**Description of the task**
Return the records that follow unaltered. Omit every picture.

####################

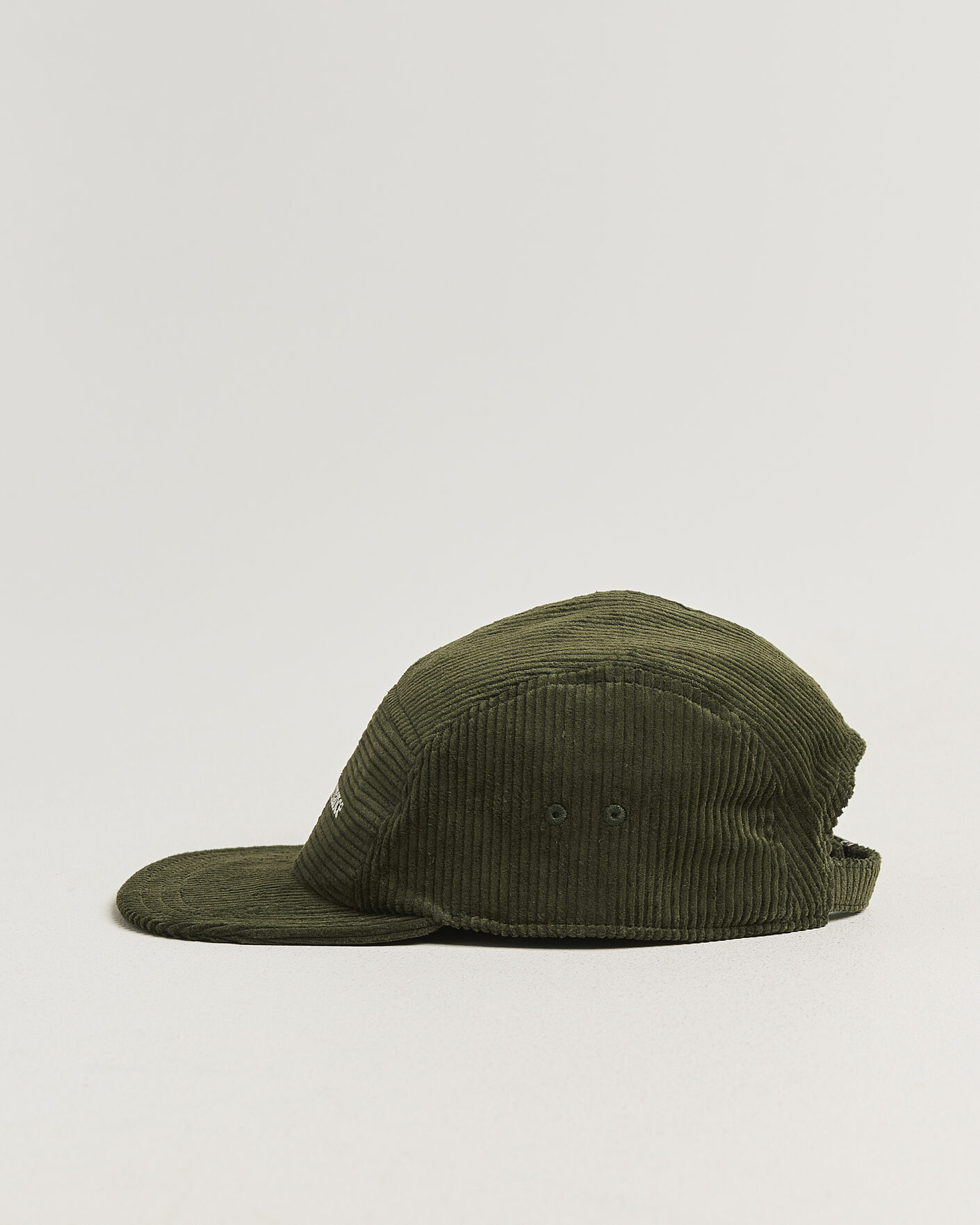 Uomini | Cappelli & Berretti | Peak Performance | Cord Cap Pine Needle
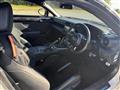 2023 Toyota 86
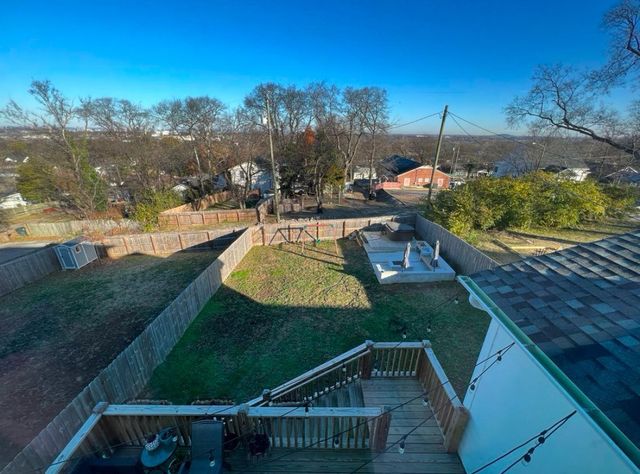 430 Patterson St, Nashville, TN 37211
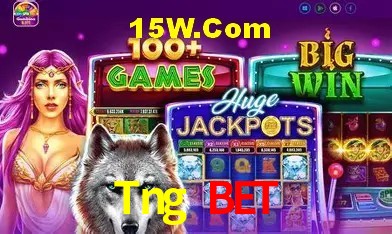 Tng Bet Rio de Janeiro - Slot Strategy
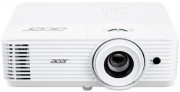 фото Проектор  Acer X1827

####################

**Answer for this exercise**
 Uomini | Cappelli & Berretti | Peak Performance | Cord Cap Pine Needle
 2023 Toyota 86
 430 Patterson St, Nashville, TN 37211
 Tng Bet Rio de Janeiro - Slot Strategy
 фото Проектор  Acer X1827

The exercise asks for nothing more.